I’m with Seldon – the ‘fad’ may be over, but the form-factor is still great.. I looked at the Netbook landscape quite late in the day and decided to go for a Samsung X120 instead, one of the CULV ultra-portables, but almost the same form-factor as most Netbooks.
It’s amazing – Windows 7, Core2 Duo processor, 11.6″ 1366×768 screen, 320GB HDD, 4GB ram – it’s a full-featured laptop in a tiny Netbook body, and it’s the best travel machine I’ve ever had and far more useful than a tablet for me as it has an SD slot, 3x USB ports etc.

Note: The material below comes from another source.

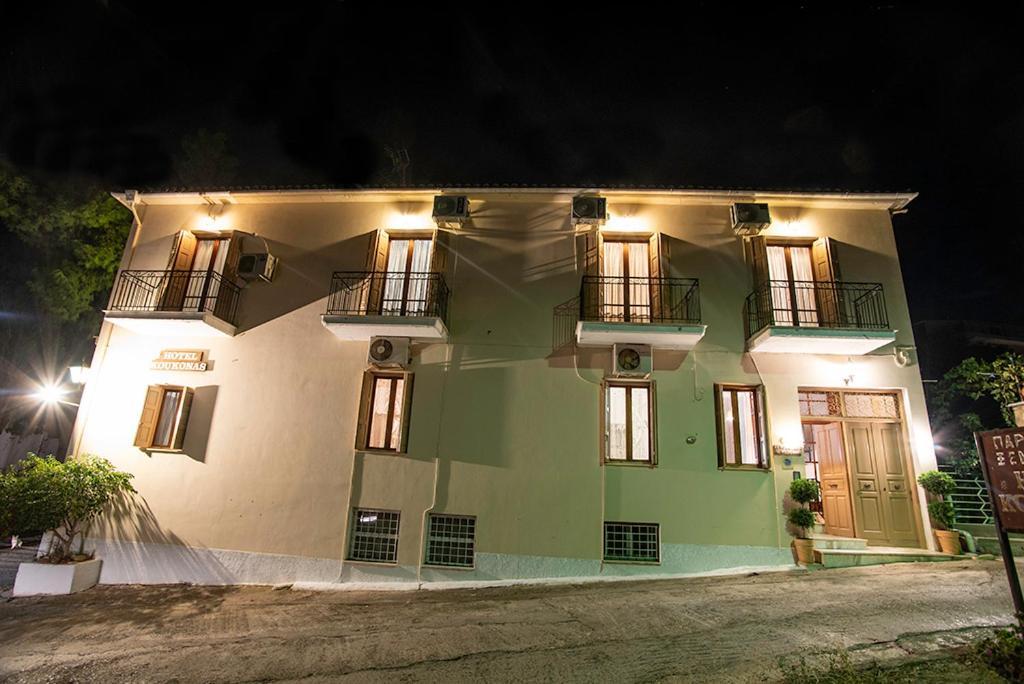 Koukonas Hotel Galaxidi Luaran gambar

You would also be surprised at how popular Atom-based Netbooks are in South Africa where tech tends to be more expensive in general


I have a somewhat different perspective on netbooks. I have a 10.1″ Acer AA1 running linux. Even with an Atom N270 processor, it’s quite responsive. I travel a lot by motorcycle, and the 10.1″ size is “just right.” I’m also a Google Chrome notebook tester; the Cr-48 is a little bit bigger, but still fits in my motorcycle luggage. The Cr-48, with its 12″ screen, is at the upper end of a size that I am willing to tote around. It’s got the same 10-hour battery life as an iPad, and between the long battery life and 3G cellular capability, it’s an even better traveller. I’m delighted not to be burdened with the extra weight of an optical drive on either machine. There is a place in the market for ultra-portable computers, especially if they deliver long battery life and universal connectivity. Whether Google’s Chrome OS partners can deliver a machine with the necessary hardware at a competitive price point (ideally, no more than $300 USD) remains to be seen.


Tablets are von Neumann machines. Netbooks are von Neumann machines. The form factors are almost irrelevant. The issue is SOFTWARE EFFICIENCY but the media is not making a big deal about that.

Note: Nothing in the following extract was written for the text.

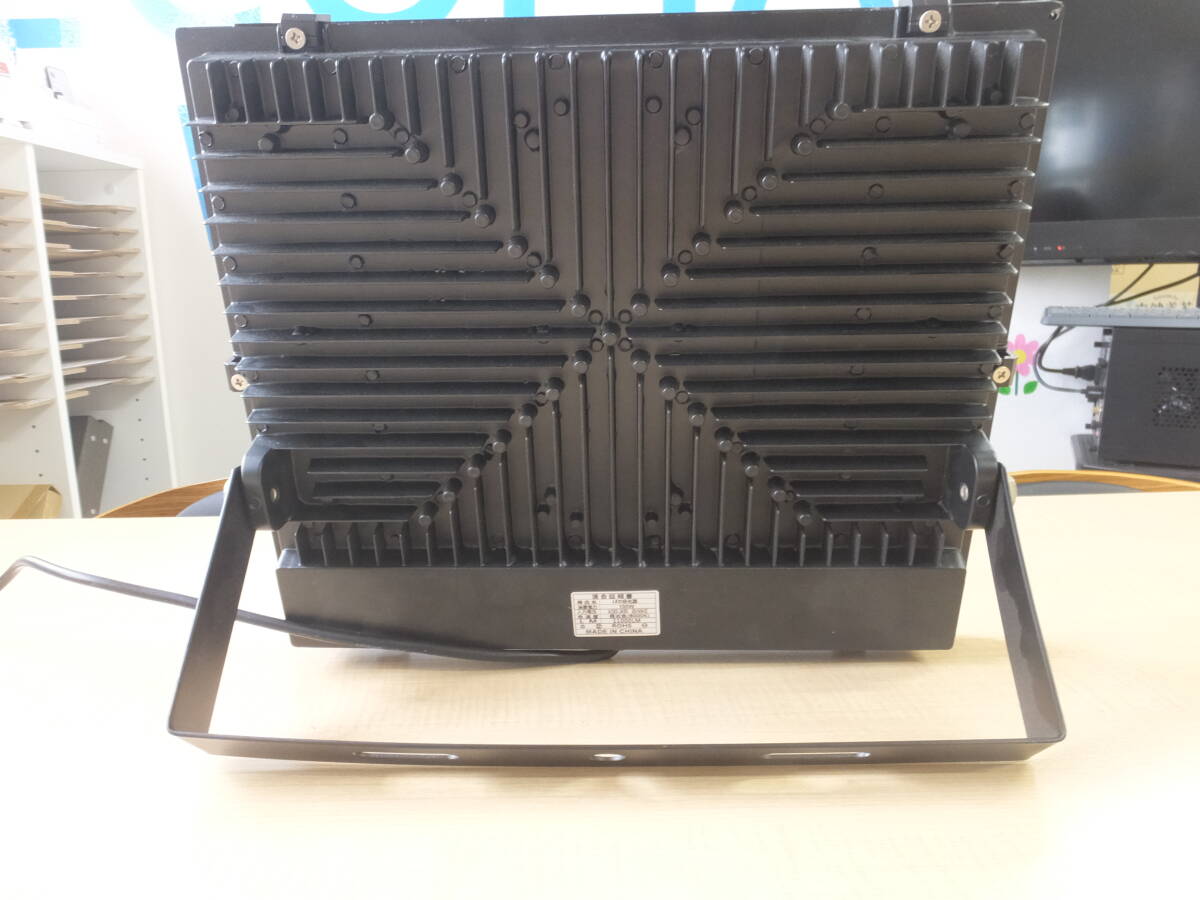 中古 LED投光器　超高輝度10000ルーメン 100W 昼光色 防塵防水レベルIP66（複数在庫）_画像2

I have used android on a myTouch 4G. The performance is impressive for a 1GHz processor. Why aren’t 2.5 GHZ quad-cores as fast as greased lightning? Is it because so called operating systems like Vista take up almost 10 gigabytes of disk space. They don’t care about efficiency in desktops but the MUST have it in smartphones.

The media is making a big deal of the wrong issue.

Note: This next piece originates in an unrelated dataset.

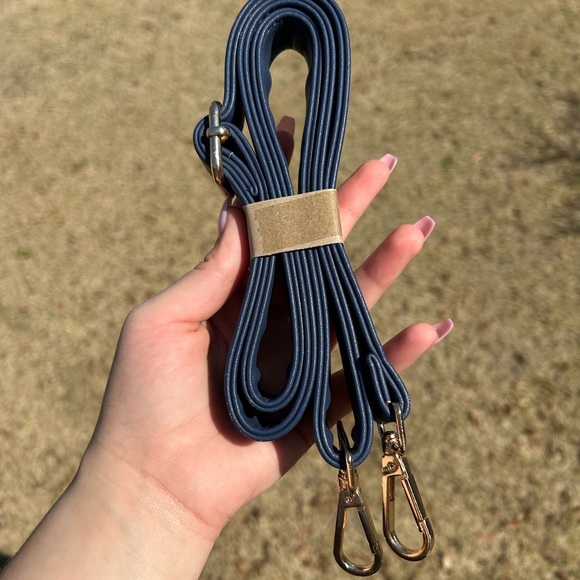 Elegant Navy Floral Handbag - Picture 6 of 13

It has nothing (very little) to do with efficiency of the software at this point. The bottleneck is still in the hardware, just in a different places for the different form factors.

Smart devices (iOS/Android) use solid state storage which is low power, low density and fast and a 1GHz RISC processor which is low power but slow. The bottleneck is in the processor.

PCs (MacOS/Windows) generally use hard disk storage which is extremely high capacity but very slow and really fast CISC processors which use a lot of power. The bottleneck is in the storage medium.

Robert Syputa

What is becoming more outdated than the notebook and netbook (de-facto standards for hardware form-factors) isthe ‘fixed’ thinking that computing devices must conform to a limited number of types. The relatively static world of computing devices is giving way to Cloud 4G enabled devices: the hardware components needed are more flexible because much of the storage and processing is replaced by hosted applications and broadband connectivity.

Why not an ICT World that defines devices more by fit to the user and applications? The trend is already heading in that direction: First the environment is being defined by ‘screens’ rather than hardware boxes. Second, different groups of users at different times or modes of use (home, work desk, automobile, personal mobility) can make corresponding different choices in devices. Some of these can be made to dock or wirelessly connect to transfer screen view and functions such as keyboards and high bandwidth local networking.

The trend to more flexible devices is shown in Motorola’s Xoom. This trend will soon bust open the hardware-restricted box mentality with innovations driven by productivity and choice.

Keith Erskine

While tensions are inevitable between the two products, I think you’ll see Android targeted at individuals (consumers and small business) and a Chrome tablet targeted to corporations (med to large businesses). The difference comes down to device management. Android doesn’t offer any way to remote administer software and settings on the device while Chrome obviates the need.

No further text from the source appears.